══ Input data

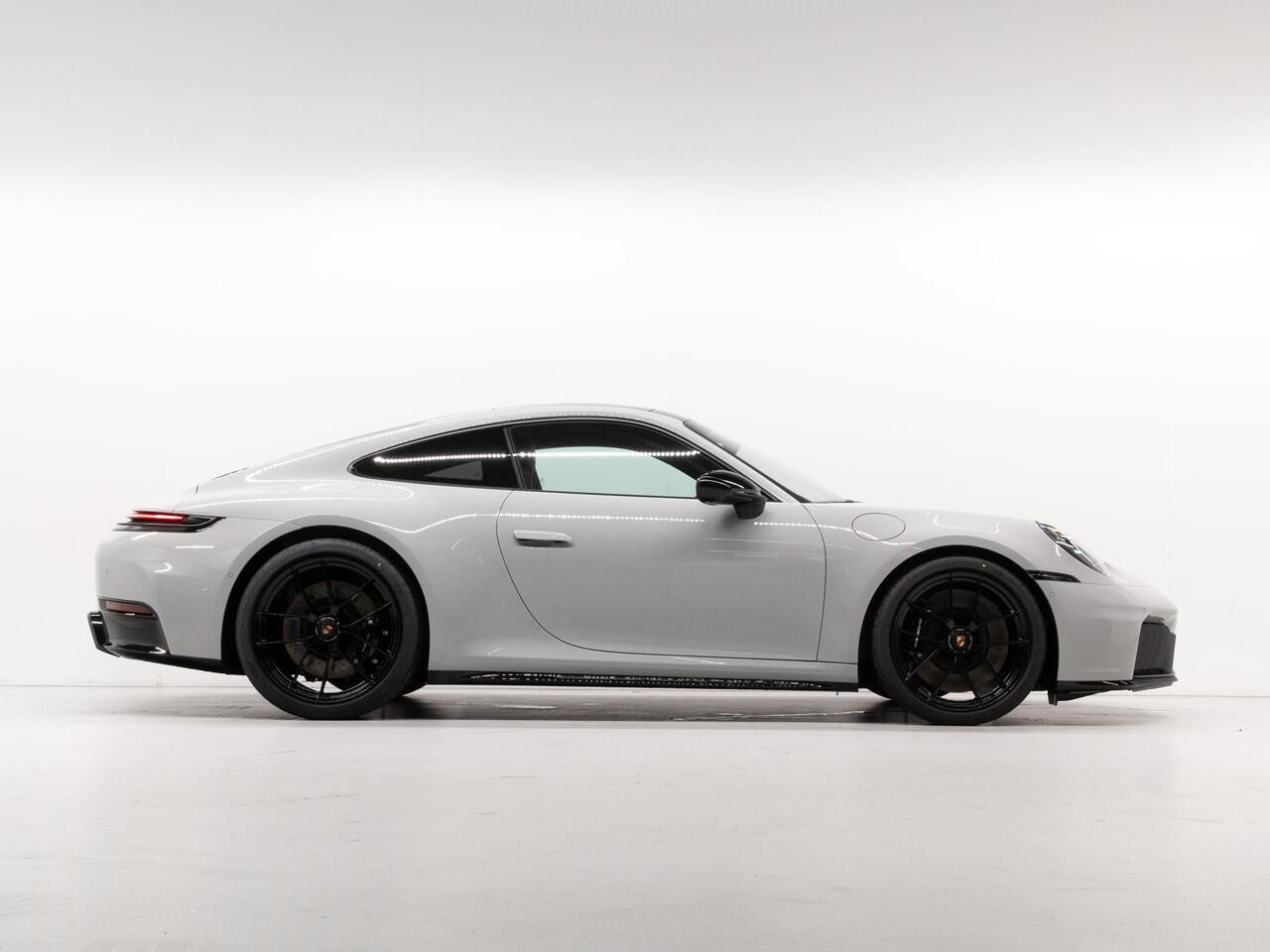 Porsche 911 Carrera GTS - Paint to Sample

════
══ Input data

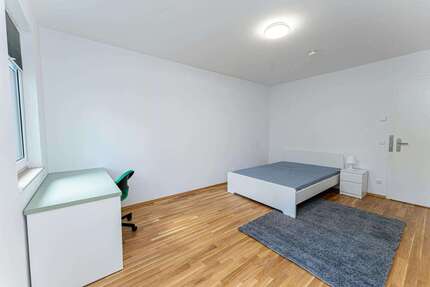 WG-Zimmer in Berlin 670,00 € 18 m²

════
══ Input data

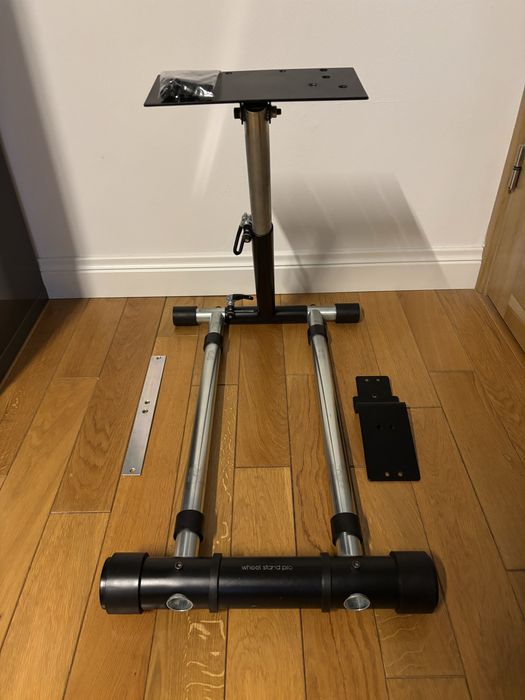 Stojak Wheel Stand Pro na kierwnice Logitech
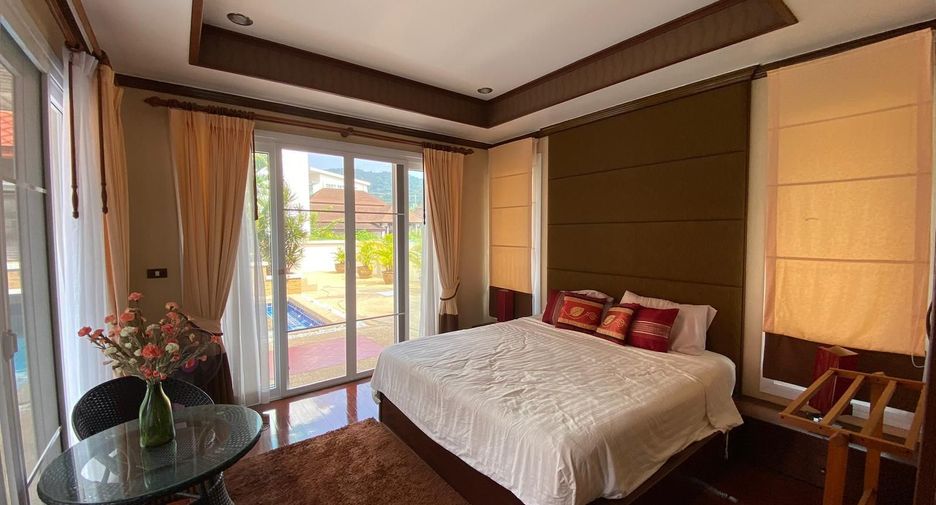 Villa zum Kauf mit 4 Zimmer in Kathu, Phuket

════

Those lines of the records above that run from the one containing "Stojak Wheel Stand Pro na kierwnice Logitech" through the one containing "Villa zum Kauf mit 4 Zimmer in Kathu, Phuket" should be returned exactly, with no pictures among them.

 Stojak Wheel Stand Pro na kierwnice Logitech
 Villa zum Kauf mit 4 Zimmer in Kathu, Phuket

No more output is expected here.